Metadata is described as ‘data about data’, or the information generated and kept by a storage system that’s used to organize, search, identify and perform higher level management functions on that data. Metadata includes file attributes, permissions, access history, modification information, file system structures, indexes, etc. Uses of metadata in file operations are called metadata operations and include file system searches and policy functions for tiering and security, like comparing access histories to build a move list or verifying permissions.


Data management/protection features, such as replication, backup and snapshots also include a lot of metadata operations. One example would be the index searches for changed blocks that occur as part of the replication process.  Another would be the way a backup application walks the file system looking for files that have changed since the last backup.

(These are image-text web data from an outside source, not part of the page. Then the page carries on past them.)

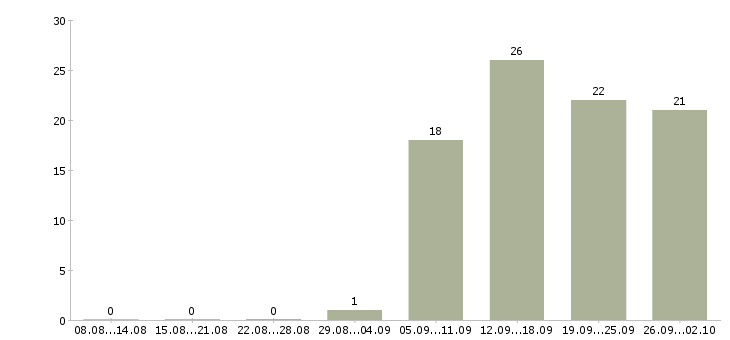 Работа менеджер по персоналу и обучению в Смоленске - Число вакансий в Смоленске по специальности менеджер по персоналу и обучению за 2 месяца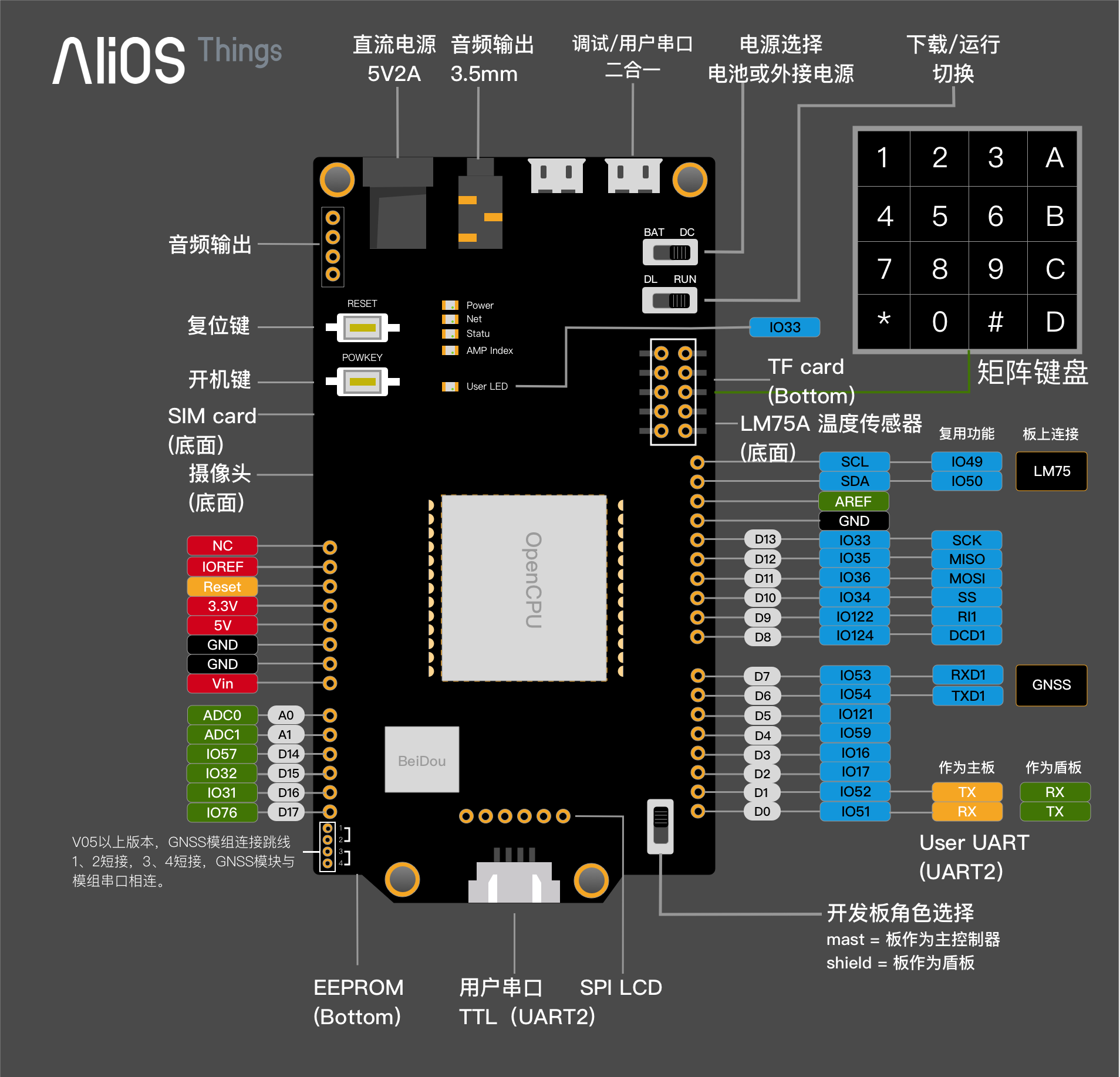 HaaS600Kit开发板示意图-中文V05
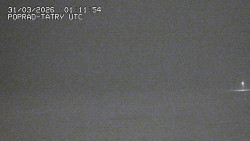 Panorama Výsokých Tater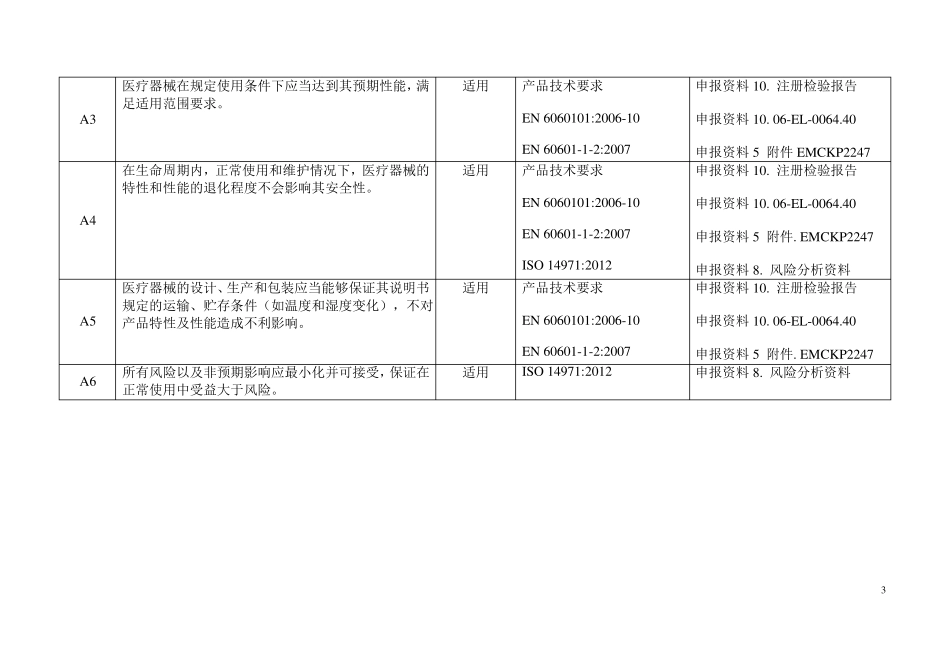 医疗器械安全有效基本要求清单参考模板_第3页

The point is that a lot goes on ‘under the covers’ with respect to handling all the metadata that’s associated with traditional file operations. In fact, the number of metadata operations typically exceeds ‘regular’ data operations, often by many times, and all this overhead can have a significant impact on file system I/O. Metadata comprises a small percentage of the total file system capacity - typically in the low single digits - and most file systems store metadata together with regular data, on the same storage devices. File metadata would seem to be a good candidate for persistent tiering, or locking it into faster storage, but this would require a file system that can support two tiers of storage.


BlueArc’s SiliconFS™ supports a two-tiered storage architecture, and can differentiate metadata from regular file data and automatically put it on the faster storage. This enables the file system to speed up metadata operations but not have to use this more expensive storage to hold large portions of the file system as well. The fact that metadata comprises a small percentage of the total file system capacity, makes it a natural fit for this type of tiering. BlueArc’s Mercury and Titan network storage systems now support multiple combinations of storage, including SSD and SAS disks, SAS and SATA disks and SSD and SATA disks for this purpose.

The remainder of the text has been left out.